It was December near Christmas time. I had flown home from Davis, near Sacramento, to my home in Lakewood (near Long Beach/L.A.). I was thrilled to be home, and to be enjoying the holidays with my friends, family, and a girlfriend who has stayed with me and been good to me, even with 400 miles between us.
My first night home, we watched a movie at my parents' house. It was probably around midnight when the movie finished and I walked her out to her car. It was a long goodnight, as is to be expected after those months of separation. I was about to send her on her way when I noticed three people walking on the sidewalk toward us. They set off one of those sensing lights. I remember being nervous, but dismissing it. Lakewood is a quiet city with reasonably low crime rates, and I assumed the best about the three: they were on their way somewhere and couldn't drive. It was another three seconds or so before their behavior made it obvious that I was mistaken. They spread out, two in the street, one on the sidewalk, and continued to walk toward us.

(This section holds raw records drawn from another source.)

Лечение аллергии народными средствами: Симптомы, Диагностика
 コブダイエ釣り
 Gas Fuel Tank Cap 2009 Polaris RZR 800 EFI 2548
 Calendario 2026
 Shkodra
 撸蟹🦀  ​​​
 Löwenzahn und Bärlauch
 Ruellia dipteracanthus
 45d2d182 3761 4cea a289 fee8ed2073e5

I knew what was happening before he said the words, before they pulled out their guns. I calmed myself, resolved to keep my composure, and give them no reason to do harm.
"Money, wallets. Now. Don't make no noise, and I don't wanna see no cops, or we come back and shoot up the block."
I told them I had no money... I remember thinking (even then) that it was funny that I told them so in the same way you might tell a bell ringing Santa or a beggar outside of a grocery store. It was true. I was broke. I even showed them, but they took the wallet anyway. They took my girlfriend's purse, with maybe $200 and a three day old iPod nano. The speaker had a big gun. A revolver, black, with an obviously larger bore than his two silent and nervous cohorts. I don't know very much about guns, so I'll say no more than that.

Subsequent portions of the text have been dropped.